November

There are sweet times in life where everything seems to be going just fine. You’re keeping up with your assignments, your room is clean, you have gas in the car, food in the fridge, money in the bank, and most importantly, your relationships are going well.

But then there comes a moment where something or someone comes along and reminds you of how fundamentally broken you are. This moment shatters you into a million jagged pieces and suddenly everything is going wrong. You have 7 papers due and 4 weeks left in the semester, you’re feeling awful because you got sick, and your head is reeling from the blow that brought you to your knees again.

This has been November. The weather is finally getting colder and the rain is comforting to me as it steadily falls outside. Yet, I sit here and write from a place of deep pain. It is the type of pain that grabs a hold of your heart and tears it to shreds while simultaneously crushing it in a vice. It is pain that makes it impossible to breathe or think or feel anything else because there is nothing else outside of this suffering. This last week has brought me to my knees and I can do nothing else but collapse on God’s altar; shattered, shivering, and done.

It is in these moments where the beauty and light of God are the most comforting. As my Father, He gathers up the broken pieces and puts them back together with gentle care. He acknowledges my brokenness and redeems it through Jesus, who came back broken but victorious. He puts His arms around me and reminds me that I am loved, worthy, and His. He doesn’t condemn me or belittle me. My Father simply holds me in His arms on the altar while He pours His love and mercy back into my darkened soul.
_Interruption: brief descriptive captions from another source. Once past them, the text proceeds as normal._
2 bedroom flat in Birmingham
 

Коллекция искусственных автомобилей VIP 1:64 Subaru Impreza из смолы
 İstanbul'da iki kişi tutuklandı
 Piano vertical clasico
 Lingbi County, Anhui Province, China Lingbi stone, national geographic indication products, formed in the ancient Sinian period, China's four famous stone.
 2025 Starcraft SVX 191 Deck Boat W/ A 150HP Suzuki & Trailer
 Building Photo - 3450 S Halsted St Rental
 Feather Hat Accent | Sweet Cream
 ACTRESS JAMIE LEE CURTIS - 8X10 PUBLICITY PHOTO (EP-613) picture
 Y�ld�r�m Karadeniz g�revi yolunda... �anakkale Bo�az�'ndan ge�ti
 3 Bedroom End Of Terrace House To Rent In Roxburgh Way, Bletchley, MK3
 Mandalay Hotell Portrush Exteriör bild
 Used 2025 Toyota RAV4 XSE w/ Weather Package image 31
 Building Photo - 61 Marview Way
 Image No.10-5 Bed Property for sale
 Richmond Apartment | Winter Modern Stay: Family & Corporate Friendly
I have come to the realization that what God has gifted me with, a great capacity to care about others, is something that is fundamentally difficult, painful and lonely. And I need to take the time to lament the loss of things that will never be, to give my entire self to God again, to heal, to grow.

This is still November. God is still good. I am still His.

Matthew 11:28–30 NIV — “Come to me, all you who are weary and burdened, and I will give you rest. Take my yoke upon you and learn from me, for I am gentle and humble in heart, and you will find rest for your souls. For my yoke is easy and my burden is light.”